Chubby Wolf – On Burnt, Gauzed Wings
« Un projet ambient méconnu que j’ai découvert sur Reddit et derrière lequel se cache Danielle Baquet-Long, une jeune musicienne décédée en 2009. J’aime beaucoup le nom du projet qu’elle avait choisi pour se moquer du sérieux de la musique drone et expérimentale. »
Flying Burrito Brothers – Dark End of The Street
« Un de mes morceaux préférés de tous les temps sorti en 1969 et qui donne à entendre à la fois une certaine perte d’innocence et l’idée qu’on se retrouvera tous dans la mort. »

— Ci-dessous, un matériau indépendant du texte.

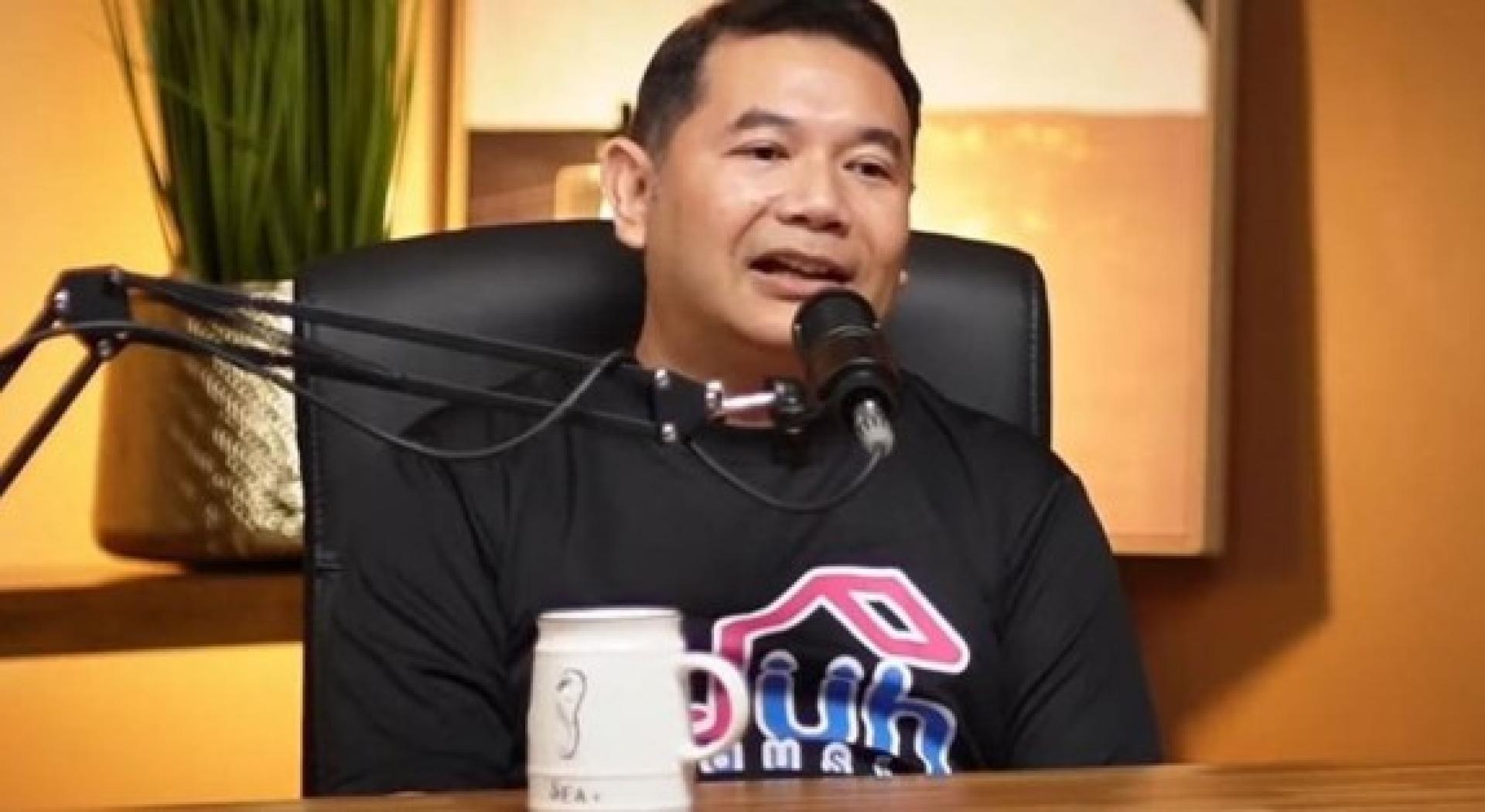 前经济部长拿督斯里拉菲兹。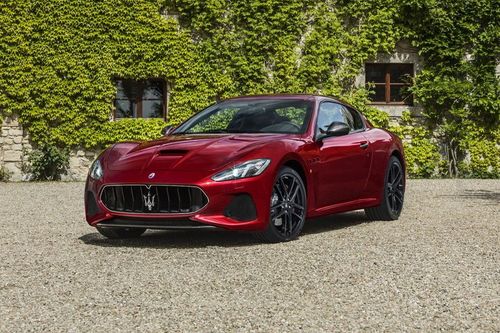 GranTurismo (2012-2021) Front angle low view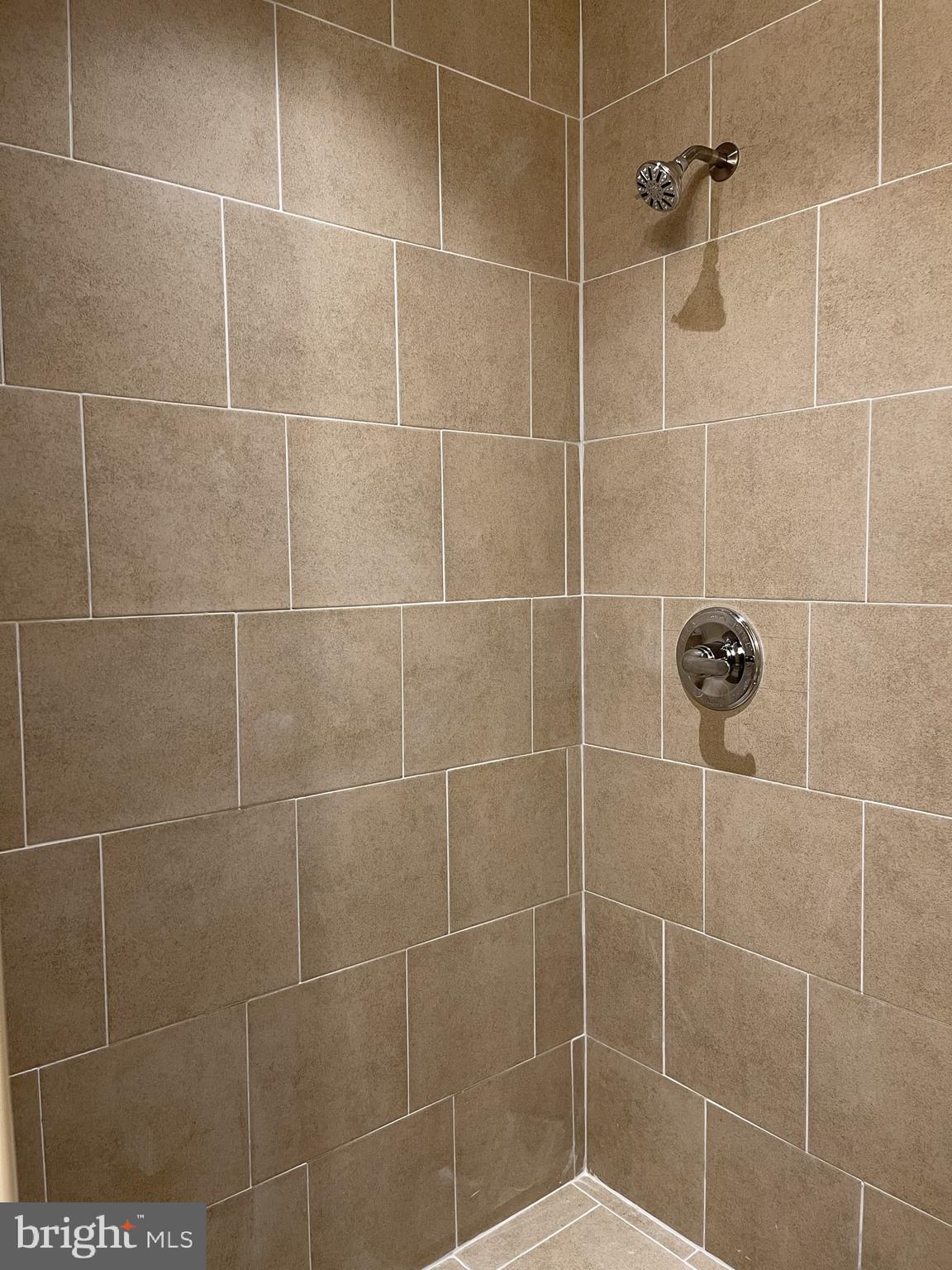 BRENTWOOD - Residential Lease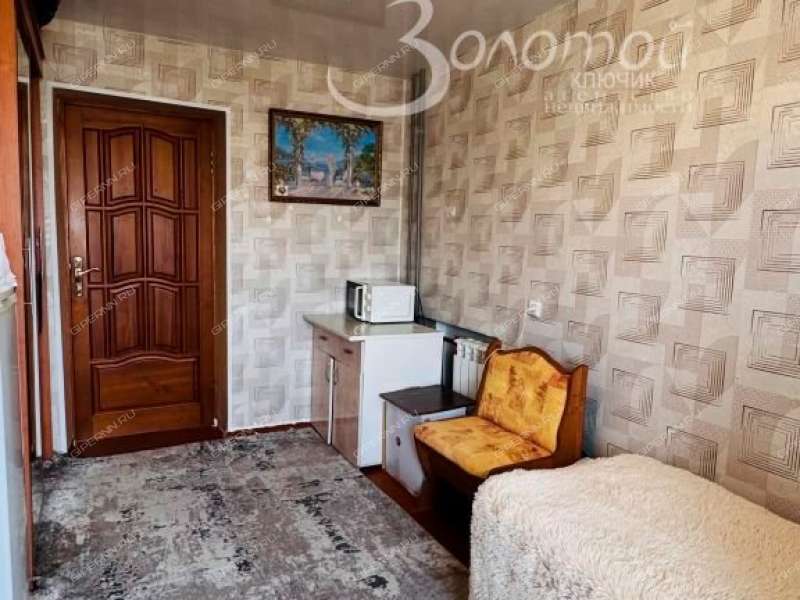 комната в доме 5 на улице Подводников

Cyndi Lauper – True Colors
« J’adore ce morceau depuis que je l’ai enregistré sur une K7 à la radio quand j’avais huit ans. La pop mainstream des années 80 convie avec elle une grande mélancolie, jamais désespérée et on l’entend souvent dans des contextes étranges (supérettes, PMU ou bars à Karaoké).«
Gil Scott-Heron – Whitey On The Moon
« Ce n’est pas le morceau en lui-même qui est triste mais la situation qu’il décrit (même si Scott-Heron s’exprime avec beaucoup d’intelligence et d’humour). Une des plus belles voix de l’histoire (selon moi). »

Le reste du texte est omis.